### DATA EXCERPTS
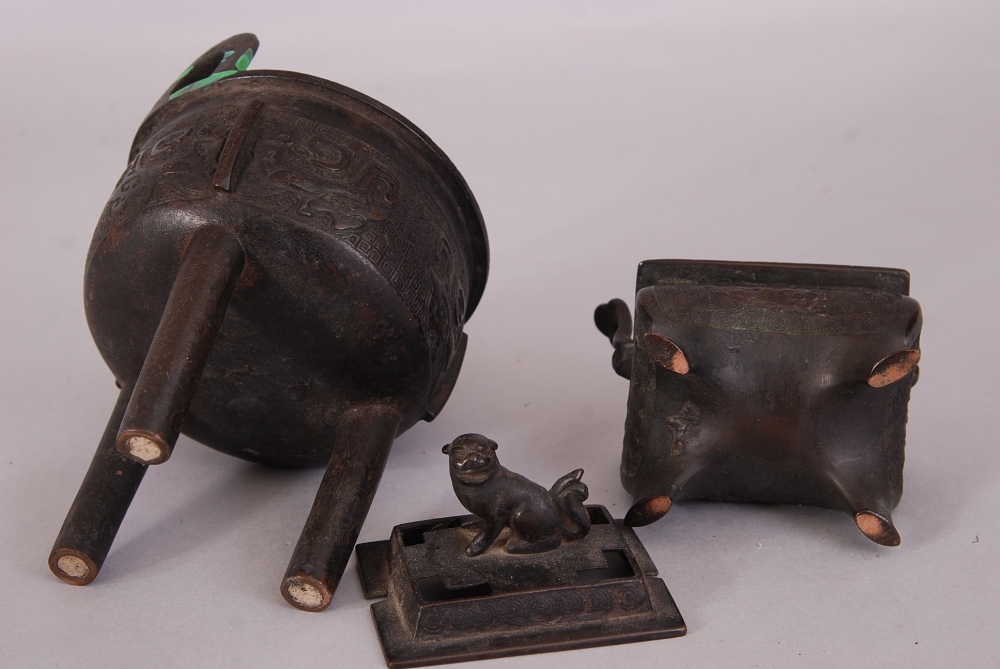 C19th Chinese bronze ritual tripod vessel, Ding, raised on three columnar supports and cast to the - Image 3 of 3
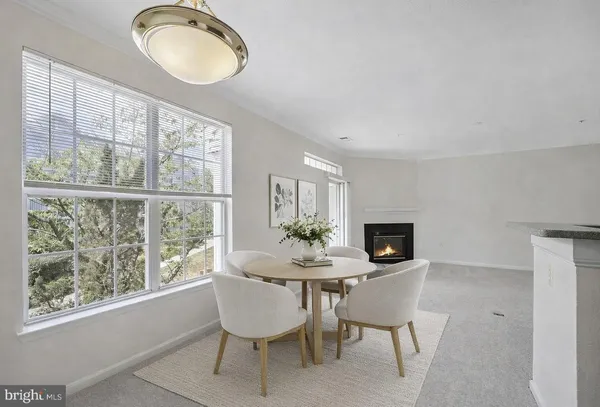 a dining room with furniture a window and a chandelier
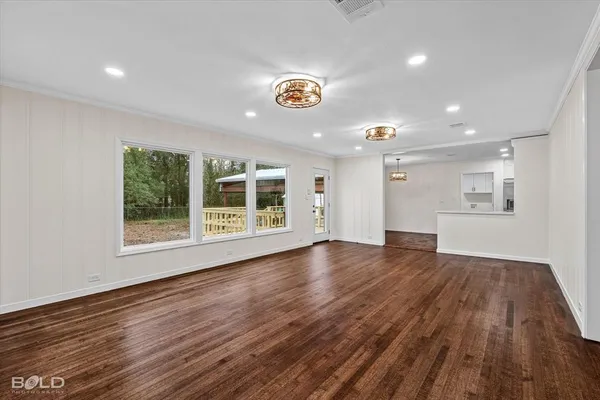 a view of an empty room with window and wooden floor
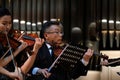 Almaty, Kazakhstan - 11.15.2020 : A group of musicians plays instruments. Performance of symphonic music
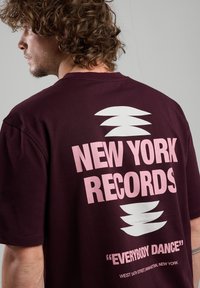 Maroon t-shirt featuring a large pink graphic text reading "NEW YORK RECORDS" and "EVERYBODY DANCE," with a white abstract design above.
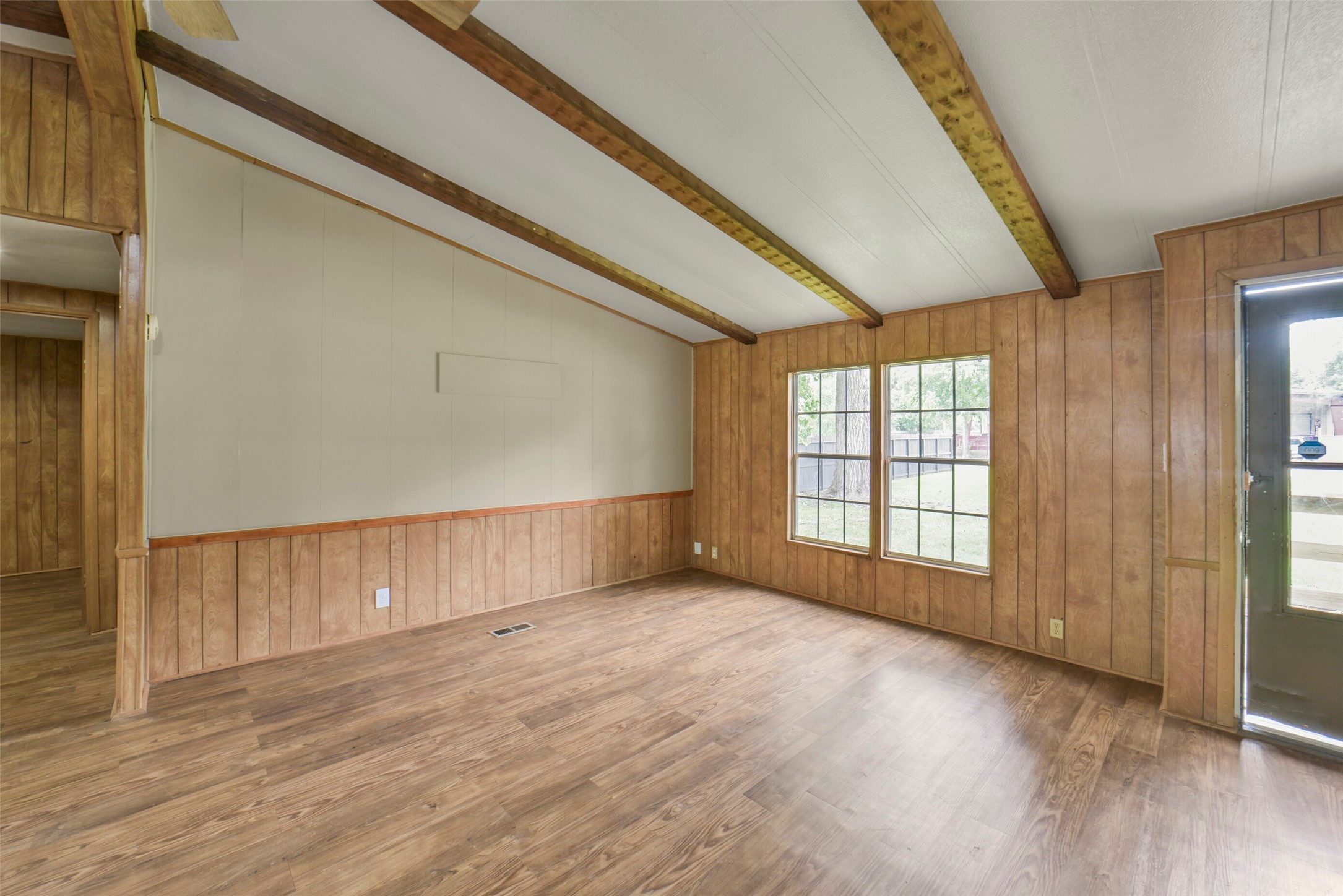 11023 Forrest Valley Drive Houston, TX 77065 - Photo 5 of 47 a view of an empty room with wooden floor and a window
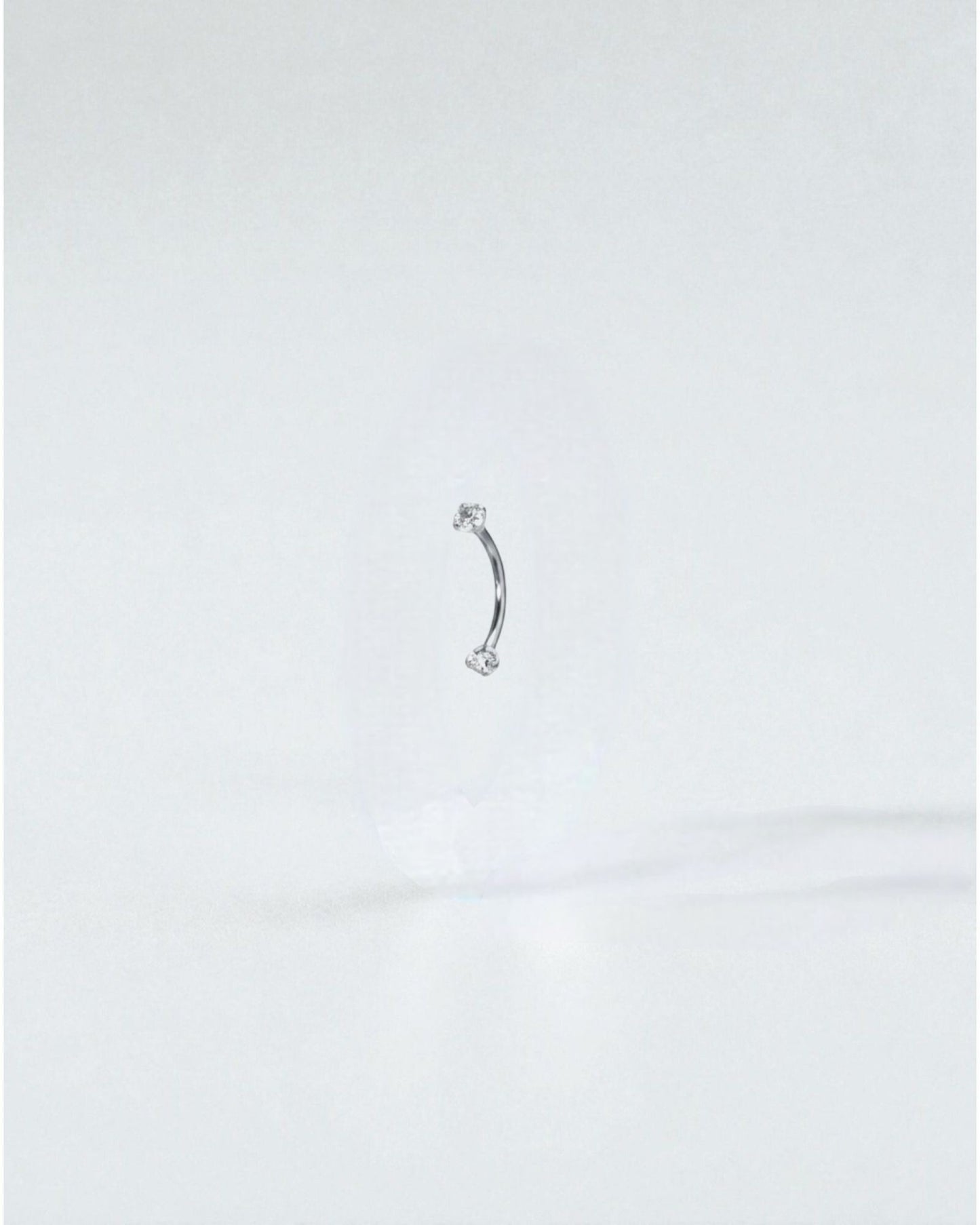 Odonata gold curved barbell with clear cubic zirconia ends, 8mm length, 16G titanium. Ideal for eyebrow piercings.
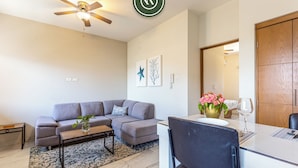 A modern living room with a grey sofa, a coffee table, and a dining area with a white table and chairs. - Maia Cabo by Naya Homes (Cabo San Lucas)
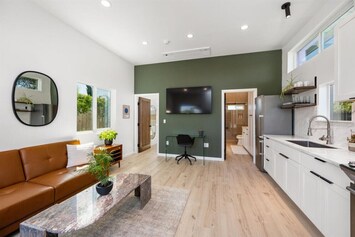 Open concept living area with fully stocked kitchen, smart TV & desk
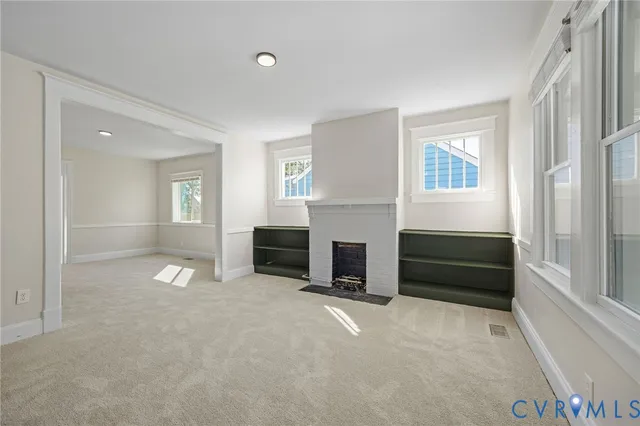 a view of a livingroom with a fireplace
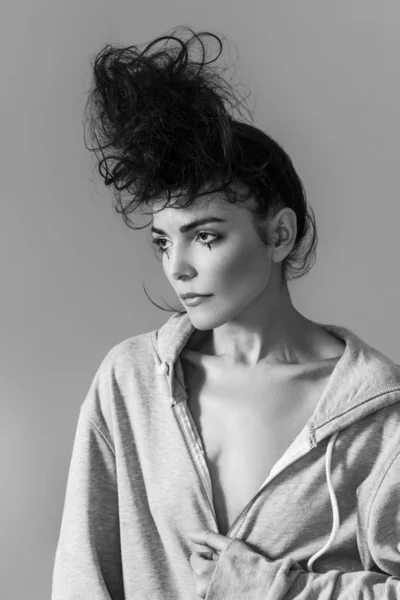 Sensual woman with messy bun wearing hoodie and looking aside, monochrome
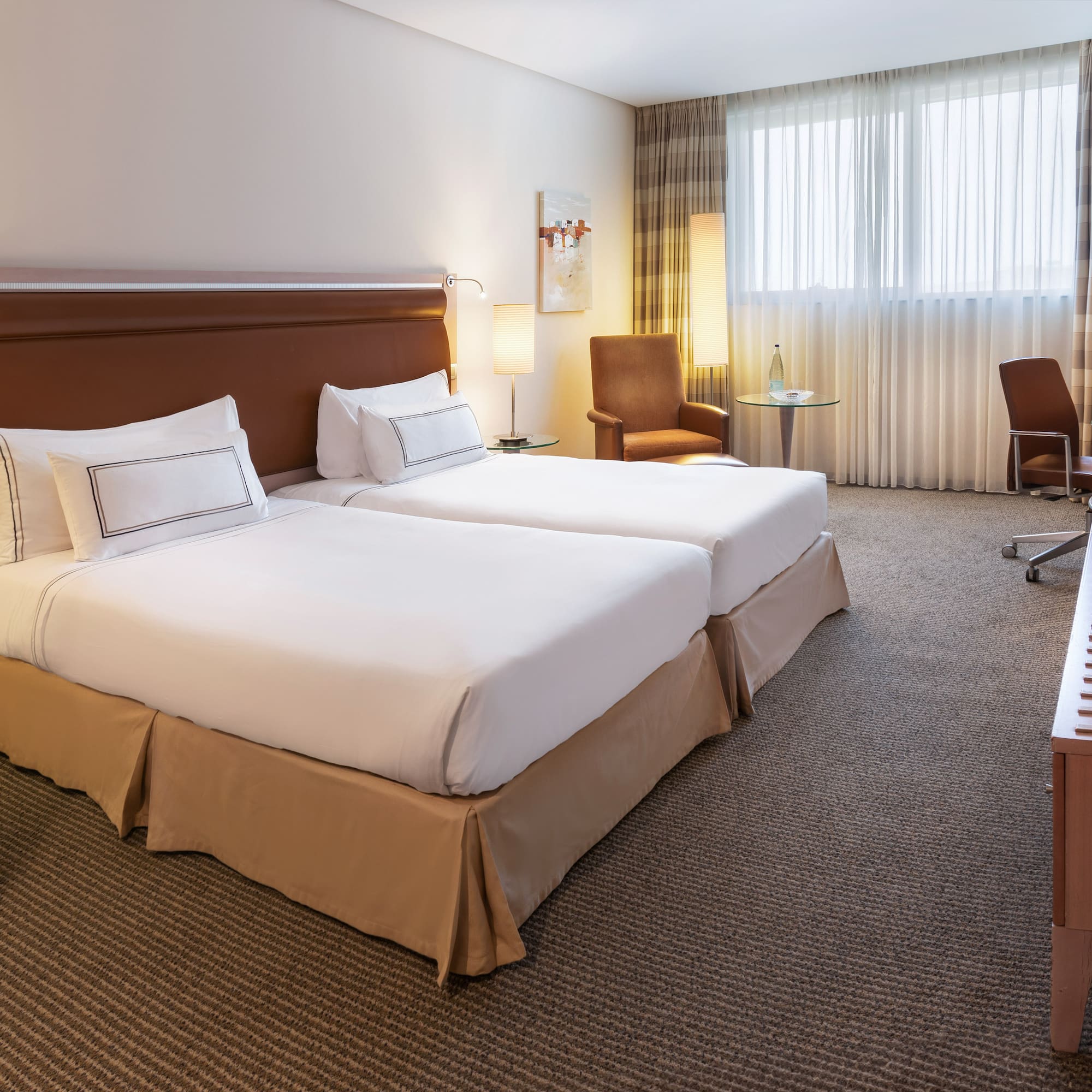 a hotel room with two beds and a desk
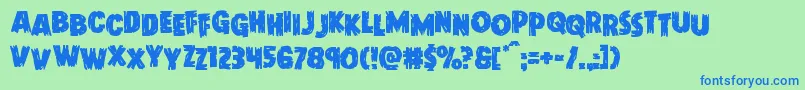 Doktermonstrostag-Schriftart – Blaue Schriften auf grünem Hintergrund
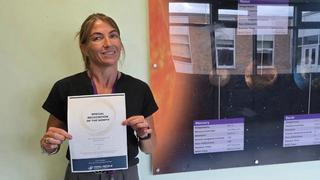 apprentice holding a special recognition award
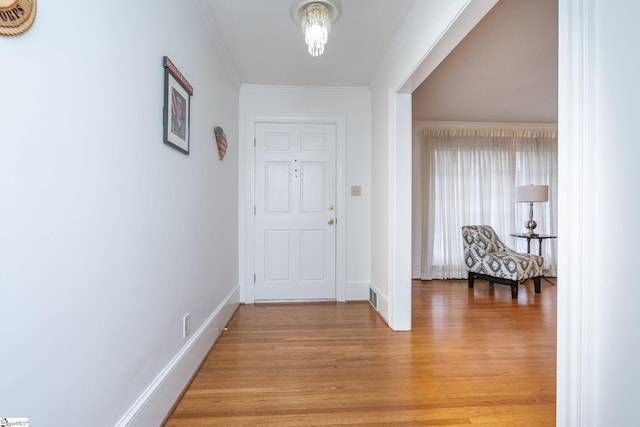 foyer entrance featuring light wood-type flooring, ornamental molding, and a chandelier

### TO DO
Rewrite the data above exactly as given, but omit the images.

### FINAL ANSWER
 C19th Chinese bronze ritual tripod vessel, Ding, raised on three columnar supports and cast to the - Image 3 of 3
 a dining room with furniture a window and a chandelier
 a view of an empty room with window and wooden floor
 Almaty, Kazakhstan - 11.15.2020 : A group of musicians plays instruments. Performance of symphonic music
 Maroon t-shirt featuring a large pink graphic text reading "NEW YORK RECORDS" and "EVERYBODY DANCE," with a white abstract design above.
 11023 Forrest Valley Drive Houston, TX 77065 - Photo 5 of 47 a view of an empty room with wooden floor and a window
 Odonata gold curved barbell with clear cubic zirconia ends, 8mm length, 16G titanium. Ideal for eyebrow piercings.
 A modern living room with a grey sofa, a coffee table, and a dining area with a white table and chairs. - Maia Cabo by Naya Homes (Cabo San Lucas)
 Open concept living area with fully stocked kitchen, smart TV & desk
 a view of a livingroom with a fireplace
 Sensual woman with messy bun wearing hoodie and looking aside, monochrome
 a hotel room with two beds and a desk
 Doktermonstrostag-Schriftart – Blaue Schriften auf grünem Hintergrund
 apprentice holding a special recognition award
 foyer entrance featuring light wood-type flooring, ornamental molding, and a chandelier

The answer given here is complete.